Budowla pełna paradoksów. Wyrazista, choć ukryta pod ziemią, funkcjonalna, choć skomponowana niczym rzeźba, optymistyczna mimo dotykania największej tragedii współczesności.
Oddany do użytku wiosną 2017 roku gmach Muzeum II Wojny Światowej można opisywać na kilka sposobów. Warto tę ekspresyjną bryłę analizować jako ujęcie tragedii wojennej w trójwymiarową formę. Można także ją oceniać w kontekście inżynieryjnym, choćby dlatego, że potężna struktura została tu zagłębiona w terenie podmokłym. Budowa muzeum zapoczątkowała również zmiany w zaniedbanej dotychczas części miasta, stając się przyczynkiem do jej rewitalizacji. Gdański gmach należy do ostatnich wielkich kulturalnych inwestycji publicznych – zamyka peleton kilkudziesięciu efektownych realizacji, które powstały po wejściu Polski do Unii Europejskiej i diametralnie odmieniły krajobraz zarówno kulturalny, jak i architektoniczny.
Opakowanie wystawy
Konkurs architektoniczny na projekt siedziby Muzeum II Wojny Światowej, rozstrzygnięty w 2010 roku, odbył się już po wybraniu wizji wystawy głównej. Trzeba przyznać, że to dość nietypowa w polskich warunkach kolejność – zwykle najpierw rysowany jest gmach, który dopiero później kolejni projektanci „wypełniają” ekspozycją. Tak było również w przypadku Muzeum Historii Żydów Polskich Polin (zespół pod kierunkiem Rainera Mahlamäkiego w 2005 roku wygrał konkurs na budynek, ekipa Mirosława Nizio wystawę główną projektowała w latach 2011-14) czy Muzeum Śląskiego w Katowicach (projekt architektoniczny pracowni Riegler Riewe Architekten pochodzi z 2007 roku, konkurs na scenariusz wystawy głównej odbył się pięć lat później, gdy budowa gmachu była już zaawansowana). Jak wspominał w wywiadzie Bazyli Domsta, jeden z projektantów gdańskiego muzeum, zadaniem zespołu było opracowanie „opakowania” znanej już koncepcji wystawy głównej. Istniejący projekt ekspozycji został wpisany do warunków konkursu na budynek, podobnie jak możliwość wypełnienia dużej części przeznaczonej pod zabudowę działki (muzeum otrzymało do dyspozycji opleciony Motławą i Radunią teren o powierzchni 1,7 ha). To ważna informacja, ponieważ od początku było wiadomo, że muzeum musi mieć pokaźne rozmiary: sama wystawa główna miała zająć powierzchnię aż 5 tys. m2. Wydaje się, że to właśnie opracowanie ciekawej i nieprzytłaczającej bryły jednej z większych współczesnych ekspozycji muzealnych w Europie było tu kluczowym wyzwaniem.

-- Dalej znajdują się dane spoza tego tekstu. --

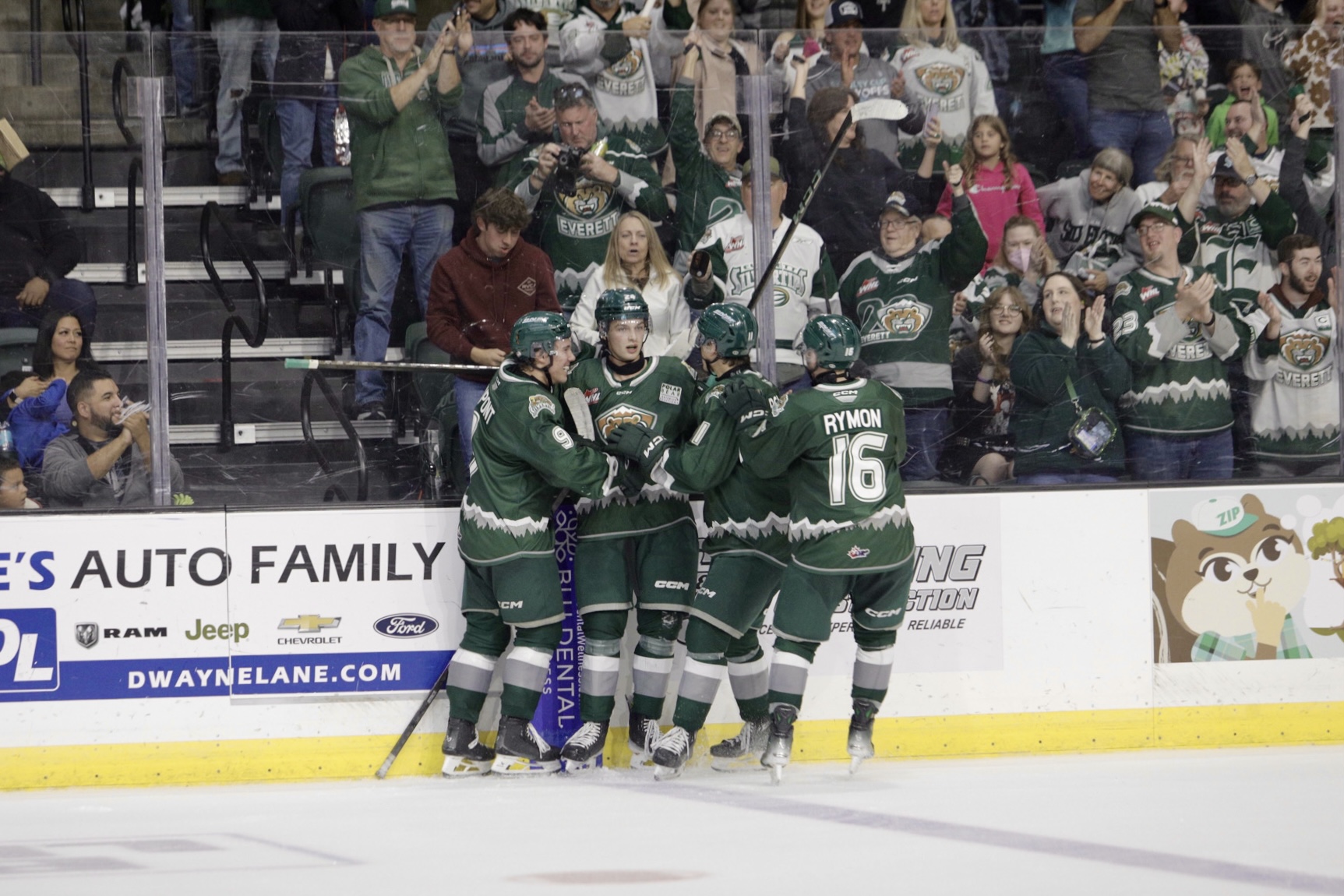 GAME RECAP Smith posts fourpoint night as Tips rout Winterhawks 82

OBIEKT MIMO NIETYPOWEGO UKSZTAŁTOWANIA ŚCIAN I SWOJEJ WYSOKOŚCI JEST ODPORNY NA USZKODZENIA.
Ściany i przedścianki, a także sufity przęsłowe o dużych rozpiętościach, wykonano z wykorzystaniem profili UA 100. Zabudowy szachtowe zrobiono w klasach odporności ogniowej REI 120. Do ścian pochylonych pod kątem zastosowano konstrukcje na profilach UA 100 z opłytowaniem płyt Nida Twarda i Nida Gięta.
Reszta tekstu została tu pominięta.